This curriculum spans the design and operationalization of capacity planning systems at the scale of multi-year infrastructure programs, integrating technical, financial, and organizational controls akin to those managed in enterprise advisory engagements and internal platform teams.
Module 1: Foundations of Scalable Capacity Models
- Define capacity thresholds based on historical utilization trends and forecasted demand spikes, incorporating seasonal variability and business cycle impacts.
- Select between make-vs-buy strategies for core infrastructure by evaluating long-term cost elasticity and control requirements.
- Map service-level agreements (SLAs) to capacity benchmarks, ensuring performance targets align with provisioning levels.
- Establish baseline metrics for compute, storage, and network throughput to serve as inputs for scaling algorithms.
- Integrate financial constraints into capacity models by aligning capital expenditure (CapEx) cycles with expansion timelines.
- Design modular capacity units that allow incremental scaling without architectural rework.
Module 2: Demand Forecasting and Workload Projection
- Implement time-series forecasting models using actual usage data, adjusting for product launches and market shifts.
- Validate forecast accuracy quarterly by comparing predicted vs. actual consumption across business units.
- Segment demand by customer tier or service class to allocate capacity with differentiated priority.
- Adjust projection models when entering new geographic markets with unproven adoption curves.
- Coordinate with sales and product teams to incorporate pipeline data into workload assumptions.
- Apply Monte Carlo simulations to assess risk exposure under multiple demand scenarios.
Module 3: Infrastructure Scaling Strategies
- Choose between vertical and horizontal scaling based on application statefulness and fault tolerance requirements.
- Implement auto-scaling policies with cooldown periods to prevent oscillation during transient load changes.
- Deploy capacity in availability zones to balance redundancy with inter-node latency constraints.
- Pre-stage cold standby resources for disaster recovery, balancing readiness cost against RTO targets.
- Negotiate reserved instance commitments with cloud providers based on stable baseline workloads.
- Enforce tagging standards for all provisioned resources to enable chargeback and utilization tracking.

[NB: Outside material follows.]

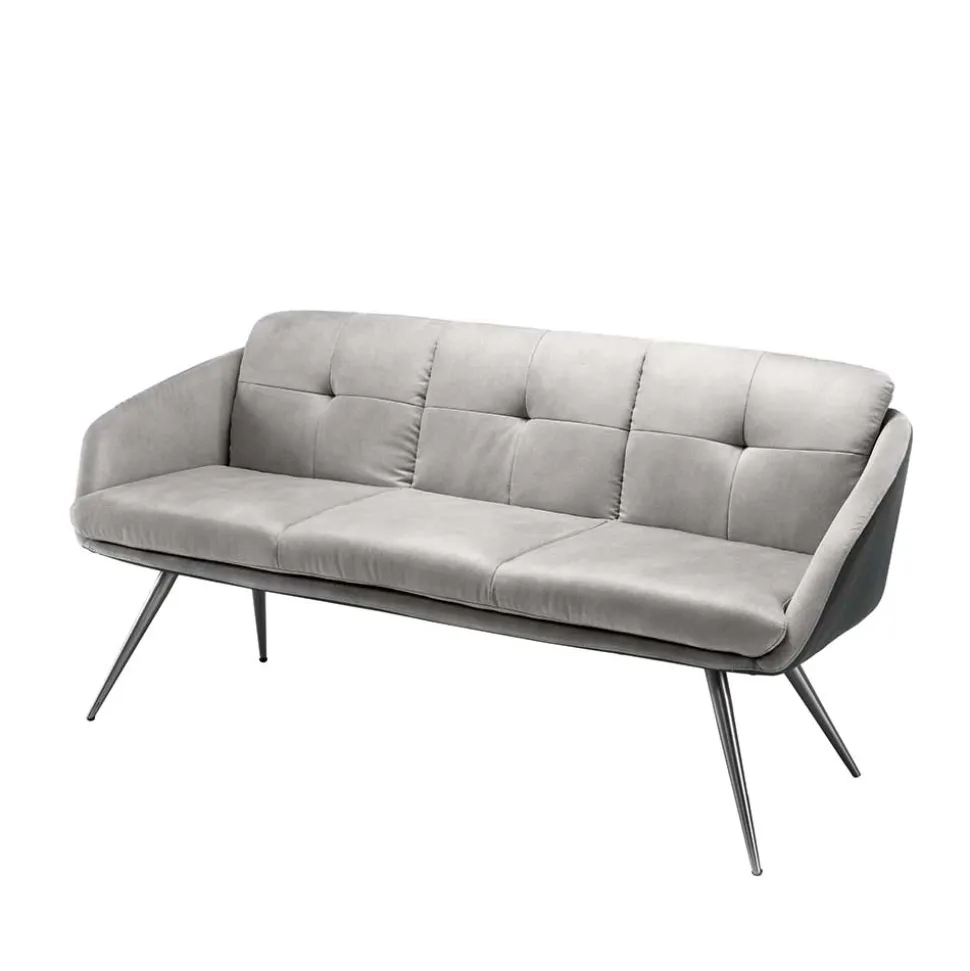 Esszimmer Sofa Casalin in Hellgrau 180cm breit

Module 4: Cost Optimization and Unit Economics
- Calculate unit cost per transaction or request to identify break-even points for scaling investments.
- Compare total cost of ownership (TCO) across on-premises, colocation, and public cloud deployment models.

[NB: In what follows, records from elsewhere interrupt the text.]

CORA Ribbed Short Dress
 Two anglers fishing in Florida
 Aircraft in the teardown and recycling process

- Apply spot or preemptible instances for fault-tolerant batch workloads, with fallback mechanisms for interruptions.
- Right-size underutilized instances using performance telemetry, balancing risk of degradation with savings.
- Implement data tiering policies to move cold data to lower-cost storage classes automatically.
- Conduct quarterly cost reviews with finance to reconcile capacity spend against revenue growth.
Module 5: Capacity Governance and Policy Design
- Define approval workflows for capacity increases above predefined thresholds, requiring business justification.
- Set quotas per department or project to prevent uncontrolled resource consumption.
- Enforce capacity review gates before production deployment of new applications.
- Establish audit trails for all provisioning actions to support compliance and root cause analysis.
- Design escalation paths for capacity emergencies that bypass standard change controls.
- Integrate capacity policies with identity and access management (IAM) to restrict provisioning rights.
Module 6: Performance Monitoring and Feedback Loops
- Deploy distributed monitoring agents to collect granular utilization data across hybrid environments.
- Set dynamic alerting thresholds based on baseline percentiles rather than static values.
- Correlate capacity events with application performance metrics to identify bottlenecks.
- Automate report generation for capacity utilization, highlighting underused or overcommitted resources.
- Integrate monitoring data into CI/CD pipelines to prevent deployment of inefficient code.
- Conduct post-mortems after capacity breaches to refine forecasting and response protocols.
Module 7: Cross-Functional Alignment and Change Management
- Facilitate quarterly capacity planning sessions with IT, finance, and business unit leaders.
- Translate technical capacity constraints into business impact statements for executive decision-making.
- Align infrastructure roadmaps with application modernization initiatives to avoid stranded investments.
- Manage stakeholder expectations when enforcing capacity limits that affect project timelines.
- Document capacity assumptions in business case reviews for new product development.
- Coordinate with procurement to align vendor contracts with multi-year scaling plans.
Module 8: Resilience and Contingency Capacity Planning
- Design surge capacity buffers for critical systems based on maximum observed historical peaks.
- Test failover to secondary regions with live traffic to validate capacity readiness.
- Maintain a catalog of rapid provisioning playbooks for different incident types.
- Pre-negotiate burst capacity agreements with cloud providers for emergency scaling.
- Simulate supply chain disruptions that could delay hardware delivery for on-prem expansions.
- Conduct tabletop exercises to evaluate team response to capacity-related outages.